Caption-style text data
# # # # # # #
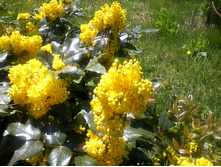 ����-0024.jpg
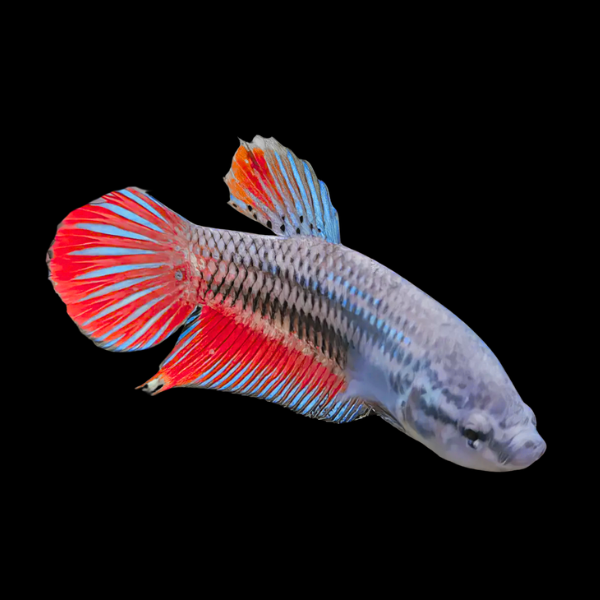 Veiltail Betta Female Tri Colour 3cm - Real Aquatics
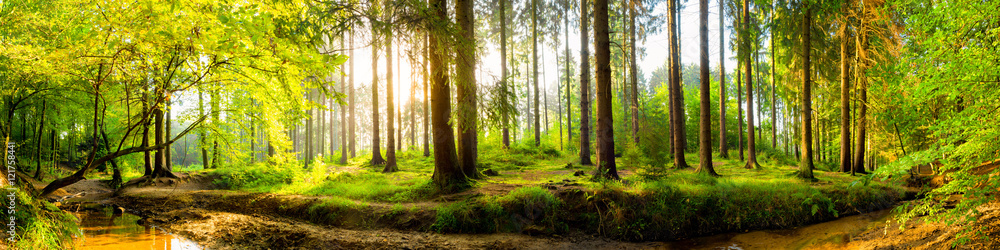 Obraz premium Idylliczny las z strumykiem przy wschodem słońca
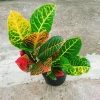 Cây Lá Màu Cotton - Cây Cảnh Để Bàn Giá 48k, Ưu Đãi Số Lượng Có Hạn, Trang Trí Văn Phòng 4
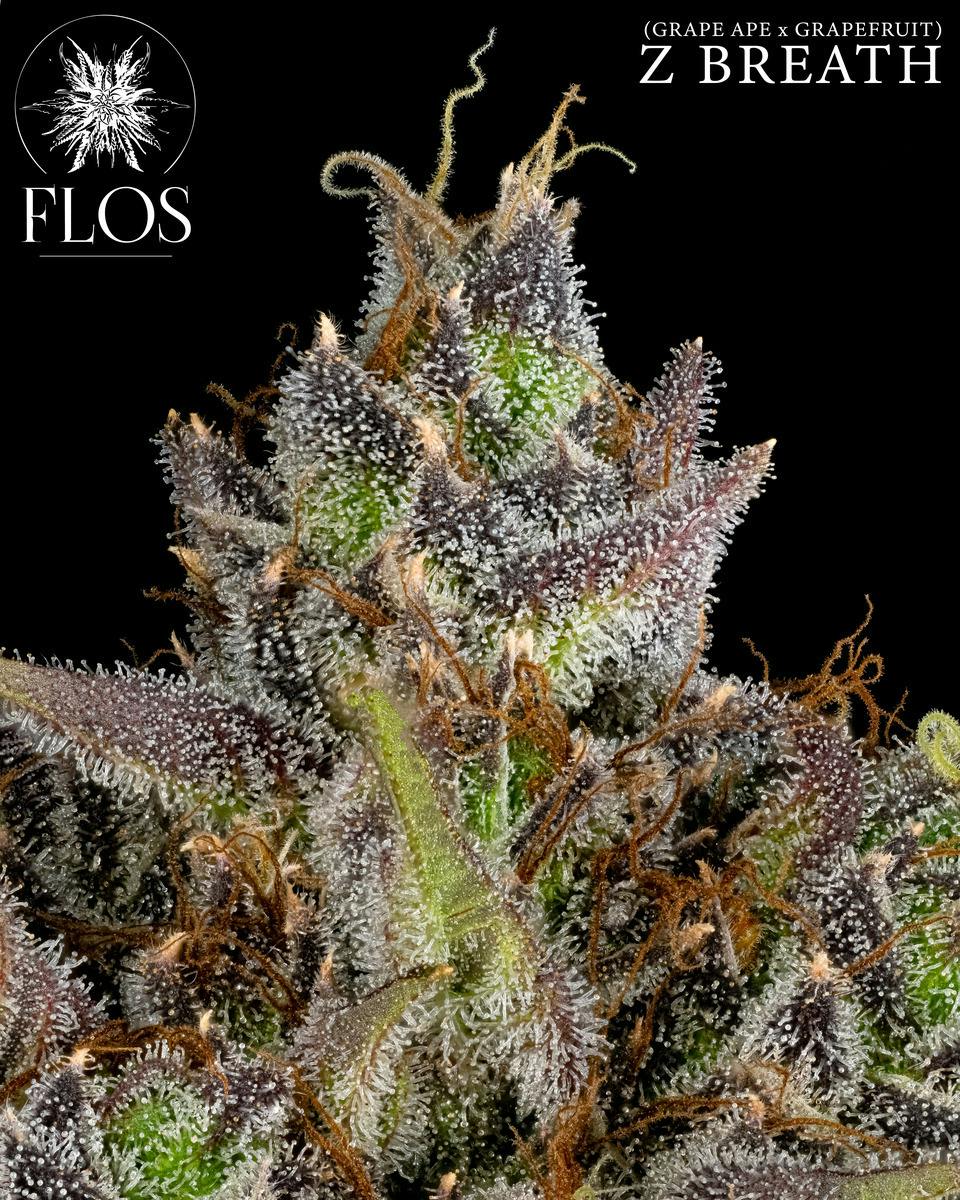 Flos | Z breath | Deli style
# # # # # # #
Copy every line of the data word for word, omitting the images.

> EXERCISE ANSWER
 ����-0024.jpg
 Veiltail Betta Female Tri Colour 3cm - Real Aquatics
 Obraz premium Idylliczny las z strumykiem przy wschodem słońca
 Cây Lá Màu Cotton - Cây Cảnh Để Bàn Giá 48k, Ưu Đãi Số Lượng Có Hạn, Trang Trí Văn Phòng 4
 Flos | Z breath | Deli style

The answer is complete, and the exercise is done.